Cabotinismo - EDITORIAL O ESTADÃO

ESTADÃO - 20/03

Ficará para a história a desfaçatez de um presidente que usa um momento tão delicado da vida nacional para se promover e para inventar inimigos, em especial a imprensa, com indisfarçáveis propósitos autoritários


Foi um espetáculo constrangedor, protagonizado pelo presidente Jair Bolsonaro, a entrevista coletiva realizada na quarta-feira para detalhar as ações do governo no combate ao coronavírus. Alguns de seus ministros até tentaram esclarecer os jornalistas a respeito dos esforços para lidar com a crise. Já o presidente só tinha uma preocupação: chamar a atenção para si mesmo e capitalizar politicamente o desempenho do governo, que para ele é ótimo. De quebra, usou a ocasião para, mais uma vez, atacar a imprensa.

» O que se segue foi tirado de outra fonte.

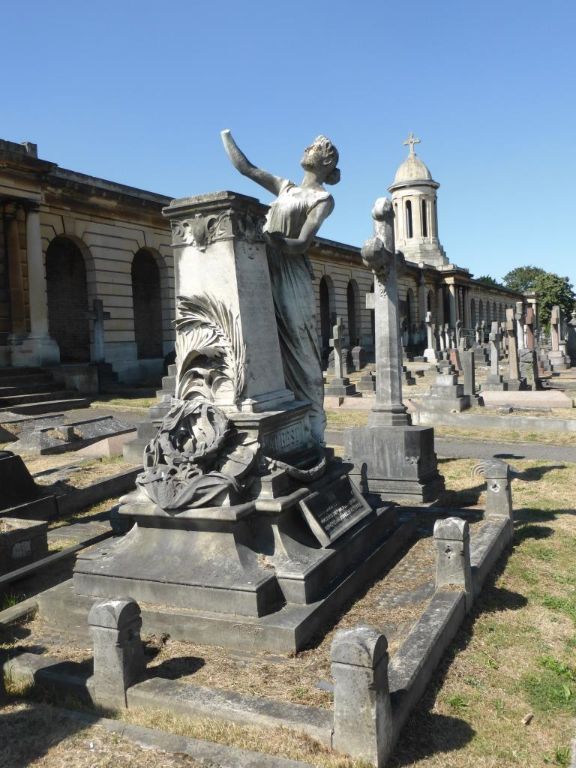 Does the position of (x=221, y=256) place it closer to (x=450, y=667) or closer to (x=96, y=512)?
(x=450, y=667)

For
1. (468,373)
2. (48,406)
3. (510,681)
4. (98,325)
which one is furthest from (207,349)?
(98,325)

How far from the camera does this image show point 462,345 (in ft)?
117

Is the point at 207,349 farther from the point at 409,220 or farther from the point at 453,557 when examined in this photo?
the point at 409,220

No auge do cabotinismo, o presidente declarou, triunfante: “Nosso time está ganhando de goleada. Duvido que quem vier me suceder um dia, acho muito difícil, consiga montar uma equipe como eu montei. E tive a coragem de não aceitar pressões de quem quer que seja. Então, se o time está ganhando, vamos fazer justiça, vamos elogiar seu técnico, e seu técnico se chama Jair Bolsonaro”. O mau português é o menor dos problemas de tal declaração, que resume o grau de alheamento do presidente.

Até o momento em que resolveu aparecer com seus ministros para prestar esclarecimentos sobre o que o governo estava fazendo contra a galopante disseminação do coronavírus, Bolsonaro insistia que a crise era fruto da “histeria” alimentada pela imprensa, mesmo quando já estava clara a dimensão terrível da pandemia.

Diante da patente incapacidade de Bolsonaro para lidar com a situação e cansados da fabricação diária de conflitos desde sua posse, os brasileiros começaram a protestar, promovendo panelaços em diversas cidades. Ademais, a popularidade do presidente nas redes sociais, outrora um território que o bolsonarismo dominava, começou a derreter na mesma proporção em que crescia a certeza da inépcia de Bolsonaro.

Certamente foram esses os motivos que levaram o presidente a armar o circo travestido de “entrevista coletiva”, em que não faltaram nem mesmo as máscaras protetoras que só devem ser usadas por quem apresenta os sintomas da covid-19 ou é profissional da saúde, conforme instruções do próprio Ministério da Saúde. Ou seja, não havia nenhuma necessidade de o presidente e os ministros usarem as máscaras, a não ser que o objetivo fosse meramente cenográfico – o que se pôde constatar diante das evidências de que nenhum deles sabia direito como manuseá-las, acentuando o caráter picaresco do evento e, por extensão, do desgoverno de Bolsonaro. São imagens que ficarão para a história.

Também ficará para a história a desfaçatez de um presidente que usa um momento tão delicado da vida nacional para se promover e para inventar inimigos, em especial a imprensa, com indisfarçáveis propósitos autoritários. Na entrevista em que deveria detalhar seus planos contra a pandemia, Bolsonaro gastou energia para tentar jogar a opinião pública contra jornalistas e mentiu mais de uma vez – ao dizer que estava preocupado com o coronavírus desde fevereiro; e ao negar que tenha convocado manifestações contra o Congresso mesmo diante da recomendação do Ministério da Saúde de que não houvesse aglomerações. De quebra, aproveitou o ensejo para convocar seus apoiadores a fazer um panelaço para se contrapor a mais um protesto contra seu governo, ocorrido anteontem.

Tudo isso em meio à devastação social e econômica causada pela pandemia, que deixa aflitos todos os brasileiros, em especial os mais pobres e aqueles que estão no mercado de trabalho informal. A aflição aumenta ainda mais diante da confirmação de que não temos presidente de verdade, e o que temos tudo faz para atrapalhar o próprio governo e, por extensão, o País. Nisso está sendo auxiliado pelo deputado Eduardo Bolsonaro, seu filho mais novo, que, macaqueando o presidente norte-americano, Donald Trump, atribuiu à China a “culpa” pela crise, criando um atrito diplomático gratuito e desnecessário com nosso maior parceiro comercial justamente nesta hora de grande vulnerabilidade.

Cientistas de todo o mundo lutam para encontrar tratamento para a covid-19. No Brasil, constata-se que a incompetência do atual governo é incurável.